Ding, ding, ding and to be fair this is the problem in both methodologies. The only way to accurately perform this test is to spider a bunch of sites, save the contents to a locally hosted HTTPD and ensure all third-party JS calls are resolved locally and test both against the exact same sites as they were spidered at a point in time. You can simply not account for changes which may happen to the markup, ad network beacons, ads, metrics code, or even network routing, all of which could influence the test in one way or the other if not run from an identical static cache in a controlled environment. If I were doing this test I'd then skip the whole scripting automation part and simply add a meta-refresh to every page in the cache to sequentially take the browser through the content, giving each page something like 10 seconds to load and render. Simple, simple, and far more accurate.
You don't need to go to such complicated lengths. Just perform enough tests (as in, a statistically large enough amount) and a distribution will form. That also captures the variability of real world network effects.
What about different ads served to different browsers? Someone running, say, Opera will have a different ad profile than a Chrome user even when completely blank cookie-wise.
It's hardly complicated. I've put such tests together in an afternoon. In fact, whatever is added in complexity is gained by the fact fewer tests are necessary. Via this mechanism you can also remove any questions about compression, use of HTTP/2, etc., which could impact the tests based on server-side choices when it comes to serving data to either platform.
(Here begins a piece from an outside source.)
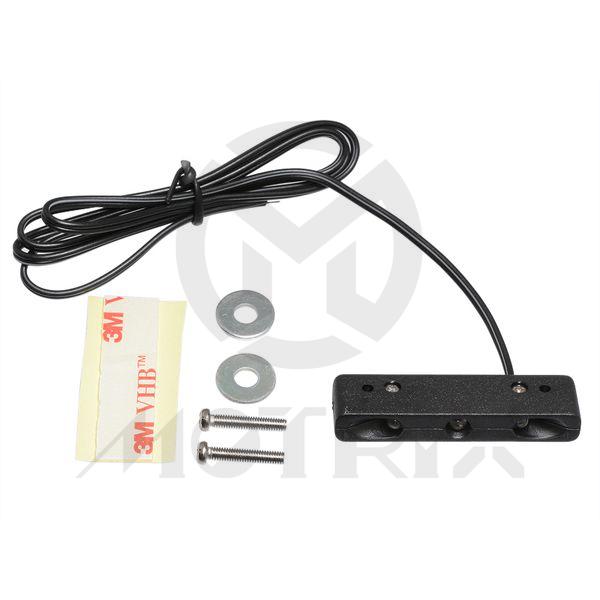 LED license light 2 srews, 2 washer, 1 sticker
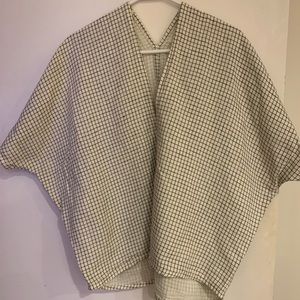 NWOT Cotton-linen oversized tunic top Laude the Label xsmall/small.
Equal always equals better.
But those metrics are important, if servers serve more optimized pages to Edge users for some reason that a freaking important fact to know.
This is about real world data and real experiences and how it affects actual real users.
You can normalize the tests to the point where there is absolutely zero difference between the browsers, of that I'm sure, but that will not reflect any actual cases that real users experience.
Within those specifications, the objection about the ad-block become irrelevant. If the browser justs works better, then users don't care and can simply enjoy more battery time.
The case for more normalized tests is to find out which browser is factually better designed/written.
Ads are not that much of a problem ads will even themselves out and if for some reason MSFT Edge users receive less ads or ads that are less resource intensive it's also an important metric.
I don't see anything that would somehow create a bias in favor of a specific browser as far as ad networks goes, if anything the stigma/stereotyping of IE/Edge users would probably mean that ad networks are more incentivized of sending the baity apps towards those browsers.
As for the network part well again that's an important metric if certain browsers perform better at adverse network conditions it's an important factor to know, you do not want to give them the best case scenario every time.
Giving a page a fixed amount of seconds to load is also completely the wrong approach you want to see how browsers behave when they can't load a page properly or when it takes more time than usual, maybe some browsers expend more resources by resubmitting the entire request, maybe some browsers do not parse the DOM tree from scratch when some of the requests stall, maybe some browsers have less resource intensive placeholders for DOM elements, maybe some browsers are better at adjusting the DOM preprocessor for network congestion than others.
So no I can't really see how would your approach would be any better, the approach that MSFT took was quite good, netflix, wikipedia, youtube, facebook etc. with what seems to be realistic user behaviour.
What you want to do is to put in test that would produce fair results for fairness sakes that's not how you evaluate anything because it would not yield you any real world data.